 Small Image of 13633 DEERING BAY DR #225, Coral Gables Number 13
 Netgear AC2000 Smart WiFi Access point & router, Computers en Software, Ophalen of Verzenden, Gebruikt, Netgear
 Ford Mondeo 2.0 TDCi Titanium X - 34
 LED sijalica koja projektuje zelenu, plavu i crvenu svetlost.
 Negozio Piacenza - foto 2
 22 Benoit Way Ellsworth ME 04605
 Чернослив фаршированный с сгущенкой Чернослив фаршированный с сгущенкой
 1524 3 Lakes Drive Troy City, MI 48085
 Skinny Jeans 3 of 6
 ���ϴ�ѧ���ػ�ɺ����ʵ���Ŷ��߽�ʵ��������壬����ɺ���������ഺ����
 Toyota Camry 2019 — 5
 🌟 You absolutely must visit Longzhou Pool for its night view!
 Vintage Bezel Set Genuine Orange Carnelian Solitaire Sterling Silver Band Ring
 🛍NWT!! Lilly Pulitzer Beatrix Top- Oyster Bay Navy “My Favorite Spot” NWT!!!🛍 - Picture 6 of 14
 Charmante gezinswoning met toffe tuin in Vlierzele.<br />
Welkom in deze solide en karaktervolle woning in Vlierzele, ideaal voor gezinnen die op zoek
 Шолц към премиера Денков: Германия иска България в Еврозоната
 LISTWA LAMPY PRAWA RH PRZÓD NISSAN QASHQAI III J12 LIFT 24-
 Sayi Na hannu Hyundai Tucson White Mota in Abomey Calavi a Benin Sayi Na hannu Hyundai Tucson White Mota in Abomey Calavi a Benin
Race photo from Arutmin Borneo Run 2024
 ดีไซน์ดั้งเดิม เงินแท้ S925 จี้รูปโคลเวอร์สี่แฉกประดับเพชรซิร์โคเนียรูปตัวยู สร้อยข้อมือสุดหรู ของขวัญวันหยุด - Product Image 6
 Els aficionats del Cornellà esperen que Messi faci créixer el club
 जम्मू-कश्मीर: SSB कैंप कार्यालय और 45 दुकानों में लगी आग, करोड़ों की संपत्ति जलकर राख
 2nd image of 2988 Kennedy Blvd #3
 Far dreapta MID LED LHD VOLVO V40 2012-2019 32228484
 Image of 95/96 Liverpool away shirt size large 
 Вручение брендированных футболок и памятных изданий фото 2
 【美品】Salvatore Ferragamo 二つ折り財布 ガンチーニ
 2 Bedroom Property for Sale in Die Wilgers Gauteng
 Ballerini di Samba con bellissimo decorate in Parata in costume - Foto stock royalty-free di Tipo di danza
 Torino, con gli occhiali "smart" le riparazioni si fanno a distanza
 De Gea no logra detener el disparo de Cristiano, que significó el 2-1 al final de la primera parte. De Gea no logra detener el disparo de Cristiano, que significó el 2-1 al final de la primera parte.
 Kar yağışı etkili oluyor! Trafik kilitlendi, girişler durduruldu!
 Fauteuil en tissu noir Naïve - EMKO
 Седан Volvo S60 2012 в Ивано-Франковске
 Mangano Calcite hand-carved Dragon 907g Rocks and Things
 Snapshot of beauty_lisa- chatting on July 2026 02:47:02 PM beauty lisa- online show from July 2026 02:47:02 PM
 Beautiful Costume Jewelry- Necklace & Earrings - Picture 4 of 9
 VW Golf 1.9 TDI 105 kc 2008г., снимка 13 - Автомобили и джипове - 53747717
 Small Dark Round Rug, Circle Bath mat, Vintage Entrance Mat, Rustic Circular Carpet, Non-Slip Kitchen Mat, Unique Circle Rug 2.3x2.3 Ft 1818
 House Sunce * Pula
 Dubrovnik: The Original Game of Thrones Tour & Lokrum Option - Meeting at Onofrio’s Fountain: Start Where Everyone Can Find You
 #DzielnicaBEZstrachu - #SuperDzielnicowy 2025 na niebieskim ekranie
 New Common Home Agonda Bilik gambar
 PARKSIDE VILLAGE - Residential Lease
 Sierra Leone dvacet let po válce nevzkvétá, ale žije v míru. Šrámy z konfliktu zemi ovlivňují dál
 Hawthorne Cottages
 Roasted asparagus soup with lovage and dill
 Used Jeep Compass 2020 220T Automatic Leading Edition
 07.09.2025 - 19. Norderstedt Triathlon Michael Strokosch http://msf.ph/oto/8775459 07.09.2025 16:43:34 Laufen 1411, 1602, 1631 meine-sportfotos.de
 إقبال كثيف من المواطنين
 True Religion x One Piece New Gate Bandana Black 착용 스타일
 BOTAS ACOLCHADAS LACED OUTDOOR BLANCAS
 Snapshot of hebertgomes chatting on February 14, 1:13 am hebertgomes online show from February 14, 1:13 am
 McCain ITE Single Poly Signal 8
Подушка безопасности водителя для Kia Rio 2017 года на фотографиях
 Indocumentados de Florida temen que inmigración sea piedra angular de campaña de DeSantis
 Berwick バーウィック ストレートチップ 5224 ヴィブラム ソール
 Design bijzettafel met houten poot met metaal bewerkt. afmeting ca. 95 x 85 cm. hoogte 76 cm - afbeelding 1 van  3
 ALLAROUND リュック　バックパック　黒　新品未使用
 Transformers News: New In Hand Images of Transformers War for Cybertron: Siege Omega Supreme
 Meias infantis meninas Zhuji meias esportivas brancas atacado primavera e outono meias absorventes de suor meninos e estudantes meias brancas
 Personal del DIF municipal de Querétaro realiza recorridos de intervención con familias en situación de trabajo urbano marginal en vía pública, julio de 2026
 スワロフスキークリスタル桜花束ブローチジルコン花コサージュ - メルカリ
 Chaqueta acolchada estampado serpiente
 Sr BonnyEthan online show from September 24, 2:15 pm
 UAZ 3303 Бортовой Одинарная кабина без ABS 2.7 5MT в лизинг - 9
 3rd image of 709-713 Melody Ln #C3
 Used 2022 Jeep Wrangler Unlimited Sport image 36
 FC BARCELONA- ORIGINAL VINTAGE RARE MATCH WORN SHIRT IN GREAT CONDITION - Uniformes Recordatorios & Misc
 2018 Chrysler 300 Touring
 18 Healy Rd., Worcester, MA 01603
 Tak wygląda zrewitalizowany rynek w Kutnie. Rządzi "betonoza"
□ □ □ □ □
When copying the data above, please keep exactly the lines from its first line through the line with "Шолц към премиера", both ends included, and drop the rest.

• _EXERCISE RESPONSE_
 Small Image of 13633 DEERING BAY DR #225, Coral Gables Number 13
 Netgear AC2000 Smart WiFi Access point & router, Computers en Software, Ophalen of Verzenden, Gebruikt, Netgear
 Ford Mondeo 2.0 TDCi Titanium X - 34
 LED sijalica koja projektuje zelenu, plavu i crvenu svetlost.
 Negozio Piacenza - foto 2
 22 Benoit Way Ellsworth ME 04605
 Чернослив фаршированный с сгущенкой Чернослив фаршированный с сгущенкой
 1524 3 Lakes Drive Troy City, MI 48085
 Skinny Jeans 3 of 6
 ���ϴ�ѧ���ػ�ɺ����ʵ���Ŷ��߽�ʵ��������壬����ɺ���������ഺ����
 Toyota Camry 2019 — 5
 🌟 You absolutely must visit Longzhou Pool for its night view!
 Vintage Bezel Set Genuine Orange Carnelian Solitaire Sterling Silver Band Ring
 🛍NWT!! Lilly Pulitzer Beatrix Top- Oyster Bay Navy “My Favorite Spot” NWT!!!🛍 - Picture 6 of 14
 Charmante gezinswoning met toffe tuin in Vlierzele.<br />
Welkom in deze solide en karaktervolle woning in Vlierzele, ideaal voor gezinnen die op zoek
 Шолц към премиера Денков: Германия иска България в Еврозоната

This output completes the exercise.